Hierarchical parent query in postgres

Hierarchical parent query in postgres - database

I am moving from Oracle to Postgresql. I am trying to convert some Oracle hierarchical queries to Postgres. For example, in Oracle to return a comma-delimited ordered list of all ids under (i.e., the children) and including the id_to_start_with I would do the following:
SELECT LISTAGG(id_something, ',') WITHIN GROUP (ORDER BY id_something) AS somethings FROM(
SELECT DISTINCT D.id_something
FROM something_table D
START WITH D.id_something = :id_to_start_with
CONNECT BY D.id_something_parent = PRIOR D.id_something
)
The equivalent in Postgres would seem to be:
WITH RECURSIVE the_somethings(id_something) AS (
SELECT id_something
FROM something_table
WHERE id_something = $id_to_start_with
UNION ALL
SELECT D.id_something
FROM the_somethings DR
JOIN something_table D ON DR.id_something = D.id_something_parent
)
SELECT string_agg(temp_somethings.id_something::TEXT, ',') AS somethings
FROM (
SELECT id_something
FROM the_somethings
ORDER BY id_something
) AS temp_somethings
Likewise if I want to return a comma-delimited ordered list of all ids above (i.e., the parents) and including the id_to_start_with I would do the following in Oracle:
SELECT LISTAGG(id_something, ',') WITHIN GROUP (ORDER BY id_something) AS somethings FROM(
SELECT DISTINCT D.id_something
FROM something_table D
START WITH D.id_something = :id_to_start_with
CONNECT BY D.id_something = PRIOR D.id_something_parent
)
The equivalent in Postgres would seem to be:
WITH RECURSIVE the_somethings(id_something, path) AS (
SELECT id_something
, id_something::TEXT as path
FROM something_table
WHERE id_something_parent IS NULL
UNION ALL
SELECT D.id_something
, (DR.path || ',' || D.id_something::TEXT) as path
FROM something_table D
JOIN the_somethings DR ON DR.id_something = D.id_something_parent
)
SELECT path
FROM the_somethings
WHERE id_something = $id_to_start_with
ORDER BY id_something
My question has to do with the last Postgres query. It seems terribly inefficient to me and I wonder if there is a better way to write it. That is, in Oracle the query will look for the parent of the id_to_start_with, then the parent of the parent, and so forth to the root.

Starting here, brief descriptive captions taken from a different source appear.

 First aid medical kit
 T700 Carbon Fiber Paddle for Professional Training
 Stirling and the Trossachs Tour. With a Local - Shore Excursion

The Postgres query, on the other hand, gets every single root to child path combination possible and then throws everything away except for the one root to id_to_start_with that I am looking for. That is potentially a ton of data to create just to throw it all away except for the one row I am looking for.
Is there a way to get a comma-delimited ordered list of all the parents of a particular id_to_start_with that is as performant in Postgres as it is in Oracle?
Edit: Adding explain plans from Oracle and Postgres.
Oracle Explain Plan Output
Postgres Explain Analyyze Output
CTE Scan on the_somethings (cost=62.27..74.66 rows=3 width=76) (actual time=0.361..0.572 rows=1 loops=1)
Filter: (id_something = 1047)
Rows Removed by Filter: 82
CTE the_somethings
-> Recursive Union (cost=0.00..62.27 rows=551 width=76) (actual time=0.026..0.433 rows=83 loops=1)
-> Seq Scan on something_table (cost=0.00..2.83 rows=1 width=8) (actual time=0.023..0.034 rows=1 loops=1)
Filter: (id_something_parent IS NULL)
Rows Removed by Filter: 82
-> Hash Join (cost=0.33..4.84 rows=55 width=76) (actual time=0.028..0.065 rows=16 loops=5)
Hash Cond: (d.id_something_parent = dr.id_something)
-> Seq Scan on something_table d (cost=0.00..2.83 rows=83 width=16) (actual time=0.002..0.012 rows=83 loops=5)
-> Hash (cost=0.20..0.20 rows=10 width=76) (actual time=0.009..0.009 rows=17 loops=5)
Buckets: 1024 Batches: 1 Memory Usage: 10kB
-> WorkTable Scan on the_somethings dr (cost=0.00..0.20 rows=10 width=76) (actual time=0.001..0.004 rows=17 loops=5)
Planning time: 0.407 ms
Execution time: 0.652 ms
This is the final query based on Jakub's answer below.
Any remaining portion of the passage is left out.